KOTAMOBAGU — Wali Kota Kotamobagu, Weny Gaib, menghadiri entry meeting pemeriksaan interim atas Laporan Keuangan Pemerintah Kota (Pemkot) Kotamobagu Tahun Anggaran 2025, yang digelar di Aula Rumah Dinas Wali Kota, Senin (9/2/2026).
Kegiatan tersebut menandai tahapan awal pemeriksaan oleh Badan Pemeriksa Keuangan Republik Indonesia (BPK RI) dalam rangka menilai kepatuhan, efektivitas, serta akuntabilitas pengelolaan keuangan daerah di lingkungan Pemkot Kotamobagu.
Dalam sambutannya, Weny Gaib menegaskan komitmen pemerintah daerah untuk mendukung penuh proses pemeriksaan serta menjunjung tinggi prinsip transparansi dan tata kelola yang baik. Ia menilai pemeriksaan pendahuluan atas Laporan Keuangan Pemerintah Daerah (LKPD) memiliki arti strategis bagi peningkatan kualitas pengelolaan keuangan.
“Bagi Pemerintah Kota Kotamobagu, pemeriksaan pendahuluan atas LKPD Tahun Anggaran 2025 ini sangat penting dan strategis, karena bertujuan menilai kepatuhan, pengendalian internal, serta kualitas penyajian laporan keuangan, sekaligus memastikan pengelolaan keuangan telah sesuai ketentuan perundang-undangan dan prinsip transparansi serta akuntabilitas,” ujar Wali Kota.

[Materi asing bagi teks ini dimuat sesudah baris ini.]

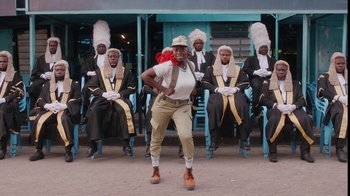 Movie still from “Black Is King” (2020), directed by Julian Klincewicz – A group of men sitting in chairs and a woman dancing; Wide shot, Low angle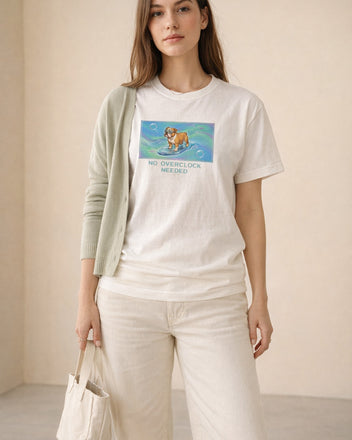 O's Tees No Overclock Needed Bulldog Frutiger Aero Dogs graphic tee lifestyle image — White shirt, female shot 02, sage cardigan cream denim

Ia menginstruksikan seluruh perangkat daerah untuk memberikan dukungan maksimal selama proses pemeriksaan berlangsung. Dukungan tersebut mencakup kesiapan dokumen yang lengkap, akurat, dan tepat waktu, serta sikap kooperatif dan terbuka kepada tim auditor.
Wali Kota juga menegaskan agar seluruh pimpinan Organisasi Perangkat Daerah (OPD) dan pengelola keuangan tidak melaksanakan tugas luar selama masa pemeriksaan, kecuali atas sepengetahuan tim auditor BPK RI Perwakilan Sulawesi Utara.
Di akhir sambutannya, Weny Gaib menyampaikan apresiasi dan terima kasih kepada jajaran BPK RI Perwakilan Sulawesi Utara atas pelaksanaan entry meeting tersebut.
“Atas nama pribadi dan Pemerintah Kota Kotamobagu, saya menyampaikan apresiasi dan terima kasih kepada Ketua dan seluruh tim auditor BPK RI Perwakilan Sulawesi Utara yang telah melaksanakan entry meeting hari ini,” tandasnya.
Sementara itu, Pengendali Teknis BPK RI Perwakilan Sulawesi Utara, Daniel Suryaperdana, menjelaskan bahwa pemeriksaan tersebut merupakan agenda rutin tahunan, diawali dengan pemeriksaan pendahuluan atas LKPD Tahun 2025.
“Ini pemeriksaan tahunan dan bersifat pendahuluan. Jika terdapat kendala dalam laporan, silakan disampaikan kepada kami. Momentum pemeriksaan interim ini penting untuk mengidentifikasi persoalan dan mencari solusi bersama. Kuncinya adalah komunikasi yang efektif,” jelas Daniel.
Hal serupa disampaikan Ketua Tim BPK RI Perwakilan Sulawesi Utara, Patricia Pongantung, yang berharap terjalin kerja sama yang baik antara auditi, Inspektorat, dan tim auditor.
Ia menekankan pentingnya respons cepat, keterbukaan informasi, serta komunikasi yang faktual dan konstruktif selama proses pemeriksaan berlangsung.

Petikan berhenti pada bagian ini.